# What is being asked
An exact copy of all entries is the expected answer.

# Data provided
+++

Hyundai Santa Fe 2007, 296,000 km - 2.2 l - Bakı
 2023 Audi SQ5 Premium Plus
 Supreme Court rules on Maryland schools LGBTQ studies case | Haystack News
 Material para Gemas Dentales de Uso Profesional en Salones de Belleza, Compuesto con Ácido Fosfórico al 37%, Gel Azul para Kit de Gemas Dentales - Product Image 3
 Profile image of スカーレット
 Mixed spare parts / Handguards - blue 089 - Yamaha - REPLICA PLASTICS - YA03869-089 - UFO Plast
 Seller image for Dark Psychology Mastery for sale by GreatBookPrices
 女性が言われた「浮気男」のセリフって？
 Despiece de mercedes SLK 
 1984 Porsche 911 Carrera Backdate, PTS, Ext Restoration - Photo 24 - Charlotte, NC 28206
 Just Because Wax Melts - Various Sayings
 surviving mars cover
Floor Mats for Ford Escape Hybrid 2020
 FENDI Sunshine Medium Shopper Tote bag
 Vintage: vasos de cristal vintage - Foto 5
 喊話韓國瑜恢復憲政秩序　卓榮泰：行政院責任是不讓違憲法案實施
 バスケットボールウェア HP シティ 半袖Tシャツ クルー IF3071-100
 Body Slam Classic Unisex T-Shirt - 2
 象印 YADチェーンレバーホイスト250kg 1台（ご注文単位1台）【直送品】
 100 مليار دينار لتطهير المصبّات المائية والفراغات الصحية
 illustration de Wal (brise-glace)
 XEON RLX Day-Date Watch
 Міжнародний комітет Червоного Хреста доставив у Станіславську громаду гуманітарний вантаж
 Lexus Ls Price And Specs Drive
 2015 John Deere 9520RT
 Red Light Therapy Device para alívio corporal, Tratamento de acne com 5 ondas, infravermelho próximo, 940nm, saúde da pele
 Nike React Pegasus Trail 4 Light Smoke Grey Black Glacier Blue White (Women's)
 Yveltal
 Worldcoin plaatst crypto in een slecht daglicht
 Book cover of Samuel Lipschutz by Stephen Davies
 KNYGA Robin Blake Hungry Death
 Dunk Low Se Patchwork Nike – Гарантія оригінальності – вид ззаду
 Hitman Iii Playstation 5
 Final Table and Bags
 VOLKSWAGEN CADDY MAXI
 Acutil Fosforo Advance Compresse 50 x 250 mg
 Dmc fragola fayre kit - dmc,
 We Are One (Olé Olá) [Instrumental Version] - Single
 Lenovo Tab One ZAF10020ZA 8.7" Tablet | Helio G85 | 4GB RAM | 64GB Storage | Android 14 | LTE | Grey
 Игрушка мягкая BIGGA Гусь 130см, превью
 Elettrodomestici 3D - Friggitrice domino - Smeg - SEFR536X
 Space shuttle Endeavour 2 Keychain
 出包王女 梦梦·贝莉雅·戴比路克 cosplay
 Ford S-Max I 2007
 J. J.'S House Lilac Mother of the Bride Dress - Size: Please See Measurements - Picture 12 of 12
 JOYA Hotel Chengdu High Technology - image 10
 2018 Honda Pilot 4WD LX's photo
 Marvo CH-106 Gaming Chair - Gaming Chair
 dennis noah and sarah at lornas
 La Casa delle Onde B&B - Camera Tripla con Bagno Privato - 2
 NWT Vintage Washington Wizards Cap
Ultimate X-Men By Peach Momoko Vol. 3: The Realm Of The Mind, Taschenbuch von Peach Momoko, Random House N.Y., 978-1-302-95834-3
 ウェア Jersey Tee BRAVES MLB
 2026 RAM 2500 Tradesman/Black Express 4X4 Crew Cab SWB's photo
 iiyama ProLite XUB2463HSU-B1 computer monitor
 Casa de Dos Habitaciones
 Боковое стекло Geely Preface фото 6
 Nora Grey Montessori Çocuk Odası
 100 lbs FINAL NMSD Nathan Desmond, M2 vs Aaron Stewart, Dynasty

+++

# Answer box
Hyundai Santa Fe 2007, 296,000 km - 2.2 l - Bakı
 2023 Audi SQ5 Premium Plus
 Supreme Court rules on Maryland schools LGBTQ studies case | Haystack News
 Material para Gemas Dentales de Uso Profesional en Salones de Belleza, Compuesto con Ácido Fosfórico al 37%, Gel Azul para Kit de Gemas Dentales - Product Image 3
 Profile image of スカーレット
 Mixed spare parts / Handguards - blue 089 - Yamaha - REPLICA PLASTICS - YA03869-089 - UFO Plast
 Seller image for Dark Psychology Mastery for sale by GreatBookPrices
 女性が言われた「浮気男」のセリフって？
 Despiece de mercedes SLK 
 1984 Porsche 911 Carrera Backdate, PTS, Ext Restoration - Photo 24 - Charlotte, NC 28206
 Just Because Wax Melts - Various Sayings
 surviving mars cover
Floor Mats for Ford Escape Hybrid 2020
 FENDI Sunshine Medium Shopper Tote bag
 Vintage: vasos de cristal vintage - Foto 5
 喊話韓國瑜恢復憲政秩序　卓榮泰：行政院責任是不讓違憲法案實施
 バスケットボールウェア HP シティ 半袖Tシャツ クルー IF3071-100
 Body Slam Classic Unisex T-Shirt - 2
 象印 YADチェーンレバーホイスト250kg 1台（ご注文単位1台）【直送品】
 100 مليار دينار لتطهير المصبّات المائية والفراغات الصحية
 illustration de Wal (brise-glace)
 XEON RLX Day-Date Watch
 Міжнародний комітет Червоного Хреста доставив у Станіславську громаду гуманітарний вантаж
 Lexus Ls Price And Specs Drive
 2015 John Deere 9520RT
 Red Light Therapy Device para alívio corporal, Tratamento de acne com 5 ondas, infravermelho próximo, 940nm, saúde da pele
 Nike React Pegasus Trail 4 Light Smoke Grey Black Glacier Blue White (Women's)
 Yveltal
 Worldcoin plaatst crypto in een slecht daglicht
 Book cover of Samuel Lipschutz by Stephen Davies
 KNYGA Robin Blake Hungry Death
 Dunk Low Se Patchwork Nike – Гарантія оригінальності – вид ззаду
 Hitman Iii Playstation 5
 Final Table and Bags
 VOLKSWAGEN CADDY MAXI
 Acutil Fosforo Advance Compresse 50 x 250 mg
 Dmc fragola fayre kit - dmc,
 We Are One (Olé Olá) [Instrumental Version] - Single
 Lenovo Tab One ZAF10020ZA 8.7" Tablet | Helio G85 | 4GB RAM | 64GB Storage | Android 14 | LTE | Grey
 Игрушка мягкая BIGGA Гусь 130см, превью
 Elettrodomestici 3D - Friggitrice domino - Smeg - SEFR536X
 Space shuttle Endeavour 2 Keychain
 出包王女 梦梦·贝莉雅·戴比路克 cosplay
 Ford S-Max I 2007
 J. J.'S House Lilac Mother of the Bride Dress - Size: Please See Measurements - Picture 12 of 12
 JOYA Hotel Chengdu High Technology - image 10
 2018 Honda Pilot 4WD LX's photo
 Marvo CH-106 Gaming Chair - Gaming Chair
 dennis noah and sarah at lornas
 La Casa delle Onde B&B - Camera Tripla con Bagno Privato - 2
 NWT Vintage Washington Wizards Cap
Ultimate X-Men By Peach Momoko Vol. 3: The Realm Of The Mind, Taschenbuch von Peach Momoko, Random House N.Y., 978-1-302-95834-3
 ウェア Jersey Tee BRAVES MLB
 2026 RAM 2500 Tradesman/Black Express 4X4 Crew Cab SWB's photo
 iiyama ProLite XUB2463HSU-B1 computer monitor
 Casa de Dos Habitaciones
 Боковое стекло Geely Preface фото 6
 Nora Grey Montessori Çocuk Odası
 100 lbs FINAL NMSD Nathan Desmond, M2 vs Aaron Stewart, Dynasty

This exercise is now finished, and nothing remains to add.